So much for individual memes. What about clusters of memes?

In many ways, mathematics is a very compelling example. At present, with global communication, it's hard to distinguish the locus from the single gigantic cluster that occupies it, but in the past there were different clusters. People even used to use completely different bases! The Babylonians used base 60, and the Mayans used base 20. Even English-speakers inherit a bit of base 12 from somewhere in the Anglo-Saxon past—that's why “eleven” and “twelve” aren't compound words like “thirteen” and the rest, why feet are twelve inches, and why there are special names for a dozen and a gross.

If that's not a profound enough difference for you, when I was reading about base 60, somewhere or other I discovered that the Babylonians didn't use a multiplication table to multiply, instead they learned the squares and applied some version of the following identity.

ab = [ (a+b)2 - (a-b)2 ] / 4

Anyway, the point here is the similarities, not the differences. If they'd had enough time to develop, the different clusters would have converged on more or less the same mathematical truth. In fact, in some cases, they did! For example, numerous results in number theory and modular arithmetic were developed independently in China and the West, as Hua emphasizes in Introduction to Number Theory.

At a smaller scale, I'm sure most of my little discoveries about math and numbers have been made many times before by other people. Consider the idea of risk, for example—it would be mind-boggling if nobody had ever had that idea before. From that perspective, convergent evolution looks a lot like the idea that there's nothing new under the sun.

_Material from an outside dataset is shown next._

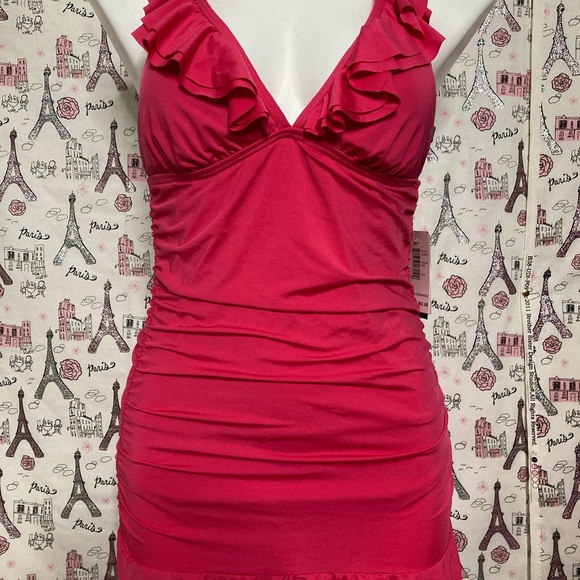 Kenneth Cole Reaction Other - Kenneth Cole Reaction Halter Ruffle Swimdress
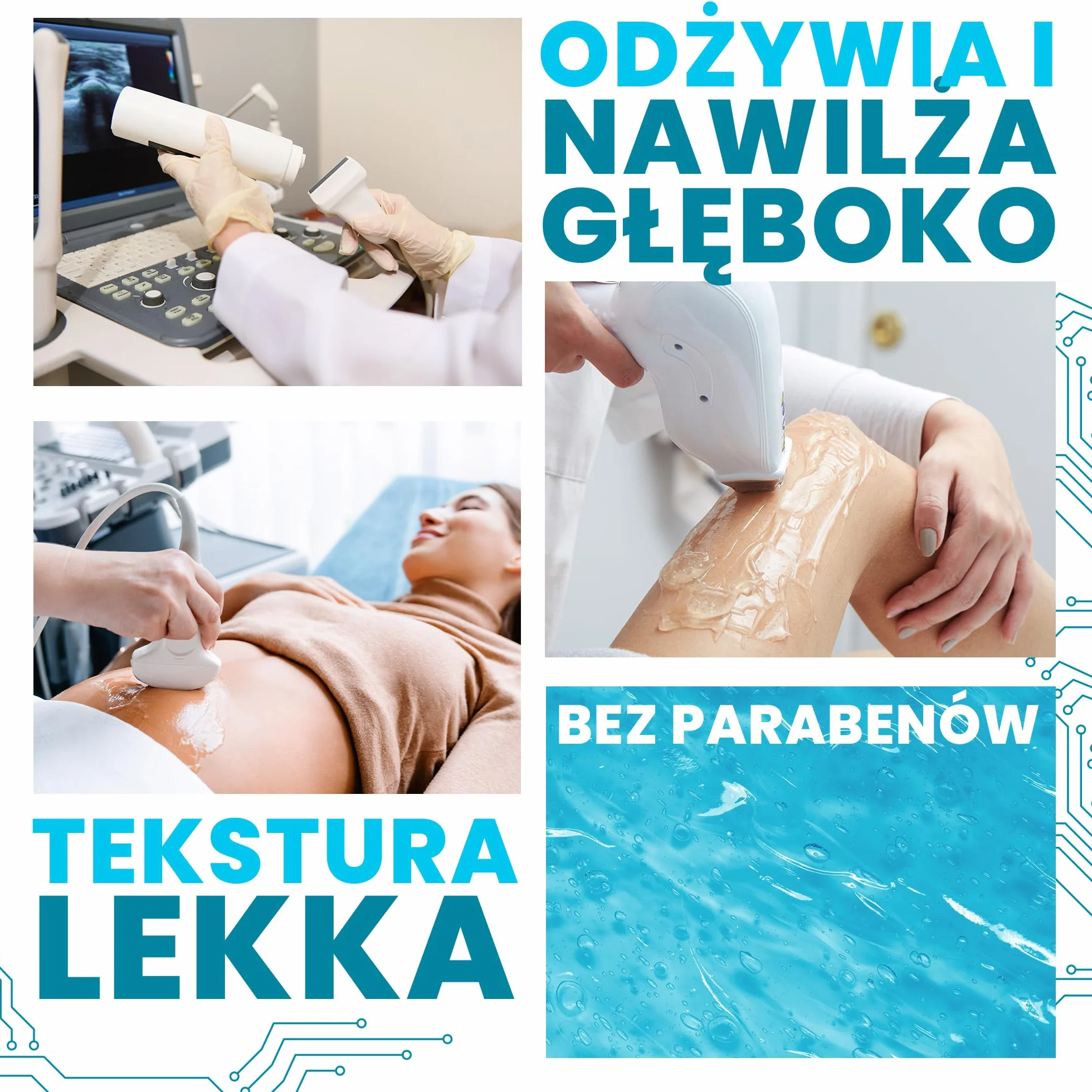 Oto idealny Gel Przewodnik do Profesjonalnej Aparatologii Kosmetycznej: Radiofrekwencja, Mikroprądy na Twarz, Ultrasonoterapia, Elektrody, Kawitacja, Depilacja IPL, Laser - 500 ml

I have one more piece of evidence that mathematics is an example of convergent evolution. People often imagine that if we ever have a chance to communicate with an alien civilization, it will be mathematics that lets us begin to understand each other. In Contact and Diaspora, the key was prime numbers, if I remember correctly; in Macroscope it was set theory, as you can see in The Macroscope Signal. There are many other examples, that's just what comes to mind right now.

People also imagine that the key will include science, particularly the fundamental constants of nature and the spectral lines produced by pure elements. Basically, the assumption is that mathematics and science are both strongly implied by the environment, i.e., the universe, or physical world.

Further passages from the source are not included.